• [Work instructions] Repeat, word for word, all the data that follows, and exclude the pictures.

• [Data for processing]
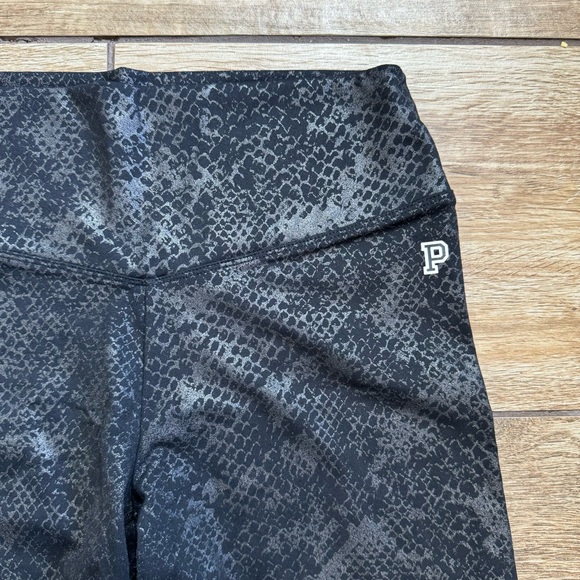PINK Victoria's Secret Ultimate Black Snakeskin Shorts Size Medium Pink Active - Picture 2 of 11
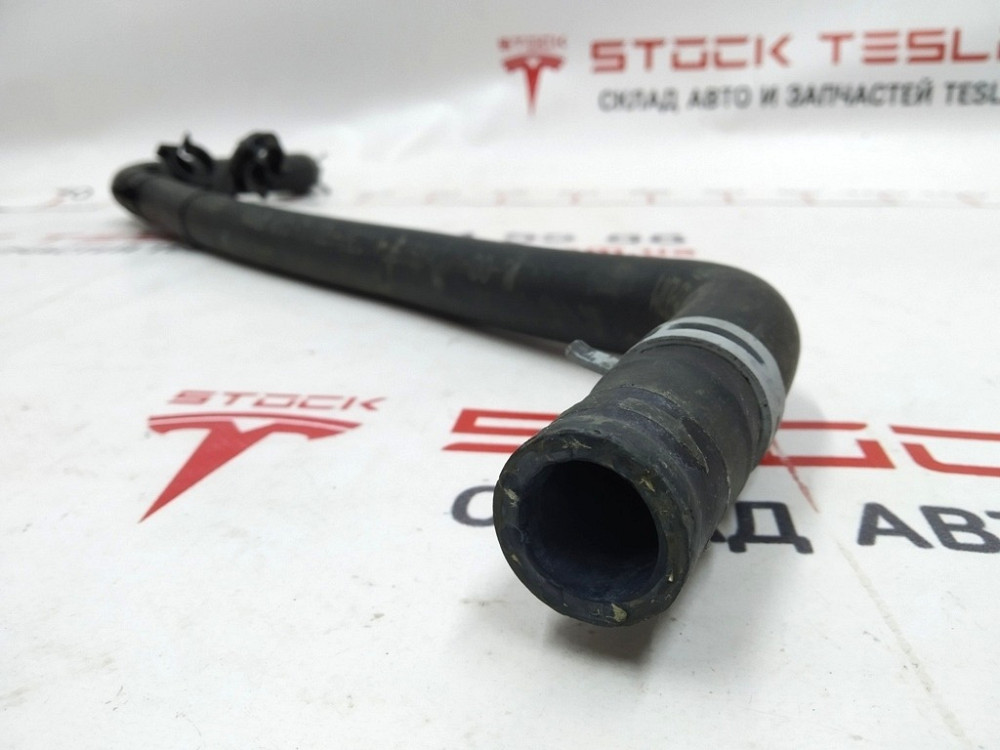 2Шланг охлаждения с тройного клапана на четвертной клапан Tesla model S 6008298-00-G Київ - зображення 2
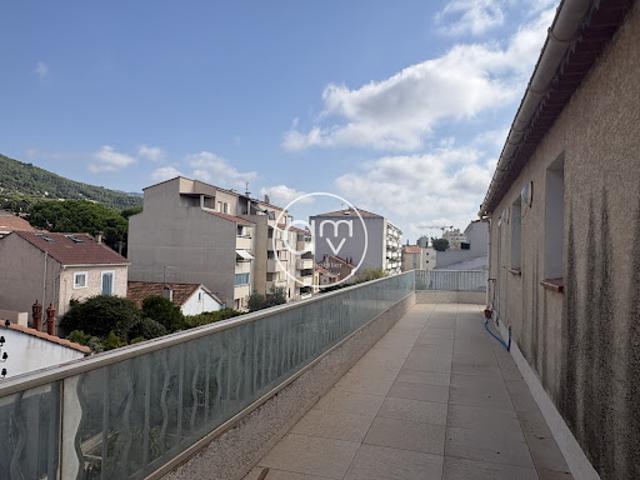 Vente Duplex 4 pièces 112 m2 Toulon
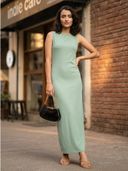 Green color option, Sold out, Currently selected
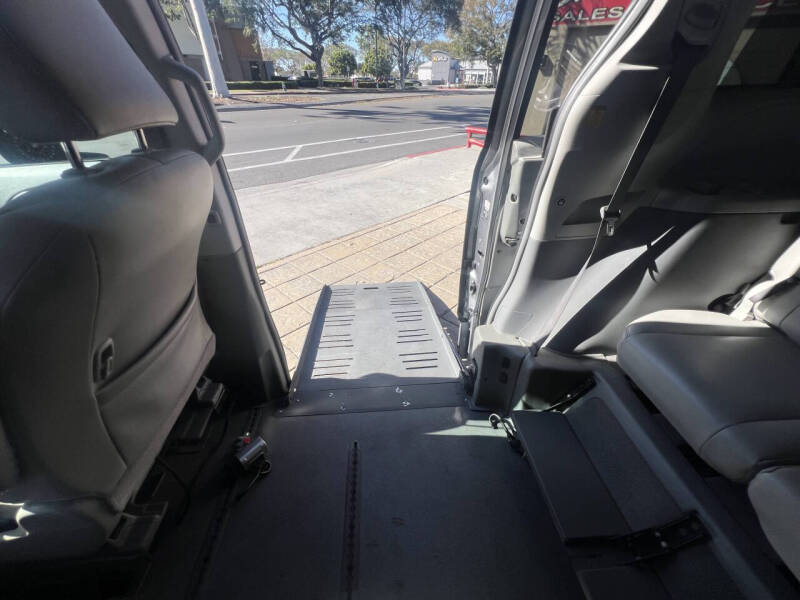 2011 Toyota Sienna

• [Written response]
PINK Victoria's Secret Ultimate Black Snakeskin Shorts Size Medium Pink Active - Picture 2 of 11
 2Шланг охлаждения с тройного клапана на четвертной клапан Tesla model S 6008298-00-G Київ - зображення 2
 Vente Duplex 4 pièces 112 m2 Toulon
 Green color option, Sold out, Currently selected
 2011 Toyota Sienna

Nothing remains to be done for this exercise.